Por unas pocas horas, eres quien eres, desde el fondo de tu alma, quizá un universitario sin universidad, y te permites expresar todo aquello en lo que legítimamente crees. Todo lo que de otra forma, allá afuera, en la depredadora capital de la República, te está negado, o requiere un tamiz educativo que no posees. Por eso vales aquí, y nada más. Y creces en la medida en la que otros se agreguen a la acción venerante de la tribu, que se desgasta bajo el cénit dominguero, al ritual incesante de la veneración. Cómo no te voy a querer –le cantas a tu equipo-, reafirmando tu dignidad al saberte beneficiario de las acciones a nivel de cancha, de sentir la importancia de ser buscado a la hora de festejar el triunfo, aunque sea ajeno, aunque sea ficticio. Una de las pocas formas que tienes de sentirte ganador.

No importa el grado de utilización de la televisora que te manipula a su antojo, ni tampoco las interminables filas de colmillos de los tiburones que hacen fortunas a costa de tu fanatismo, de tu ignorancia y de tu muy primitiva forma de acariciar la felicidad. Como una sola garganta cantan todos, son un solo hombre detrás del equipo, son su seguridad, su manto protector.

General, desde luego, admisión general. Muy lejos de las plateas, los palcos y los lugares preferenciales. Desnudo del torso al menos, pierdes el pudor ante las pasiones que incomprensiblemente se apoderan de tu razón y te abstraen del mundo de allá afuera, al que tendrás que regresar en poco tiempo; del mundo de los trayectos de dos horas en microbús, del lavado de coches, de la mano de obra barata, de la carpintería vecinal o la negociación clandestina.

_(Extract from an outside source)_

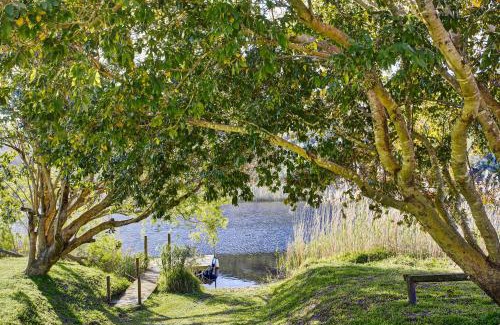 Still Bay Apartment | Pet-Friendly Retreat at Long Thin Farm with Pool Access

Quizá toda la injusticia que padeces cada minuto de tu anónima existencia, quizá la urgente necesidad de incrementar tus ingresos, quizá la certeza de que ya nunca podrás vivir otra vida, quizá todo eso lo abandonas al momento de entregar tus entradas al individuo que, aún más resentido, pero uniformado de azul, te cachea denigrantemente a las puertas del estadio, para sentir ese placer que dan los tres minutos de poder. Todo eso se olvida cuando comienza a calentar el ambiente, cuando comienza a levantar la porra, cuando las coyunturas corporales se relajan por los efectos de la cerveza, y el éxtasis, quizá.

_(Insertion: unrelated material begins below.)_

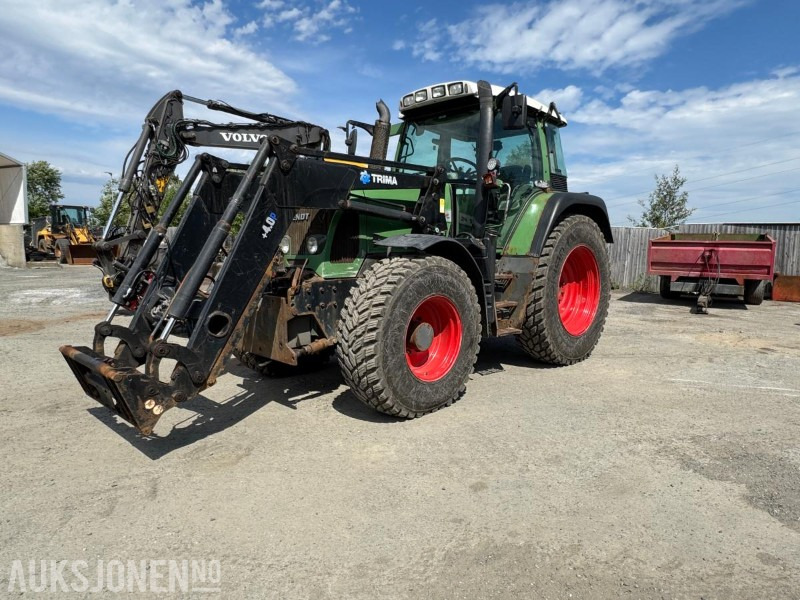 2010 Fendt 412 Vario traktor m/Trima frontlaster –9793 t – V-plog + ekstra hjulsett inkl. - Traktor: obrázok 1 2010 Fendt 412 Vario traktor m/Trima frontlaster –9793 t – V-plog + ekstra hjulsett inkl. - Traktor: obrázok 1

Y cuestionas la virilidad del árbitro –quien representa la autoridad maligna que todo lo limita-, saludas a la madre de la porra de enfrente, y cantas consignas contra el Presidente en turno, algún gobernador famoso, tu diputado local o, simplemente, el líder de tu colonia.

En eso viene el penalty, el fuera de lugar, la anulación del gol espectacular o la inapelable tarjeta roja. Te abandonas en los silbidos, en las imprecaciones, en las ordinarieces. Te conformas con el vasallaje de la Domino’s y las rocaletas que ya sustituyeron sin remedio al huevo cocido, los cueritos y las habas. Te gastas todo lo que tienes en las rondas de chelas, en la botana, en la máscara alusiva que llevarás a tu hijo.

Y al silbatazo final, sin remedio, de regreso a tu vida…, a esa en la que normalmente, no eres nadie para la ciudad traicionera que depreda al que más, a esa que aprieta las tripas cuando no alcanza para comer. A esa vida cotidiana en la que nadie, pero nadie, te regalará un gol, que al menos, puedas disfrutar con abandono.